厳しくも豊かな自然の中にこそ、未来を創造するヒラメキがある――そんな理念のもと、「未来が育つ場づくり」を推し進めるきたもっくの福嶋誠氏。きたもっくはキャンプファンの間では知らない人はいない、日本有数のキャンプ場「北軽井沢スィートグラス」の運営母体だ。
そんなキャンプ場を運営する代表の福嶋氏は、昨年9月に焚火に集う宿泊型ミーティング施設「TAKIVIVA(タキビバ)」を北軽井沢にオープンした。人と自然の対話や、家族再生を理念に掲げる福嶋氏は、なぜいまビジネスパーソンを対象にしたプロジェクトを起ち上げたのか。
「火を中心に語りあう濃密なコミュニケーションによって、共同体はより深く広く連携していく。

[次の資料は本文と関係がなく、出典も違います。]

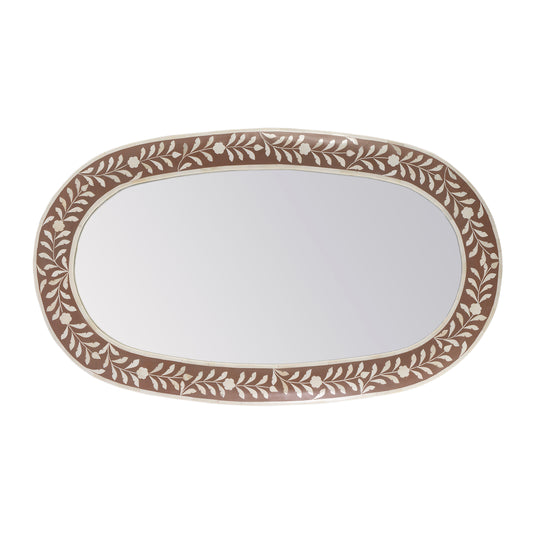 Butler Specialty Company Trubadur 40"W x 24"H Oval Bone Inlay Horizonal or Vertical Decorative Wall Mirror, Brown, White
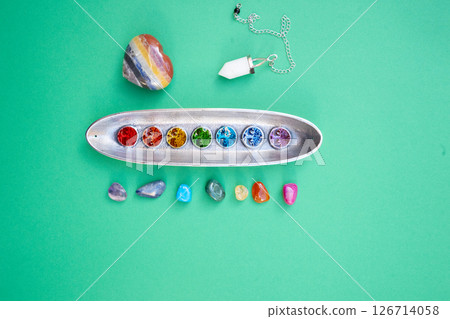 heart made of stone crystal with flower of life pattern 126714058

現代でも、火の求心性を尊ぶ祭りや神事が世界中に残る。 まさに火が人を進化させ、社会性を育み、文明をつくったと言える」
そう語る福嶋氏。
焚火が現代の私たちにもたらす効用はさまざまあるとのことだが、そのひとつを福嶋氏は「羊に教えてもらった」と言う。羊と同じ方向をきちんと見渡してやればなつきにくい羊も安心して人になつくというのだ。それはまさに焚き火の効果にも通ずるという。円陣を組んでみんなで自然に同じ火を眺めることで、ヒエラルキーは壊れ、フラットな関係になり、隣にいる人から伝わる雰囲気や安心感を得ることで、お互いの関係性が深まっていくと。
自然との対話、そして人と人のコミュニケーションをつくる場。その大切な要素が焚き火なのだ。それは今日の現代人が最も失っていることなのかもしれない。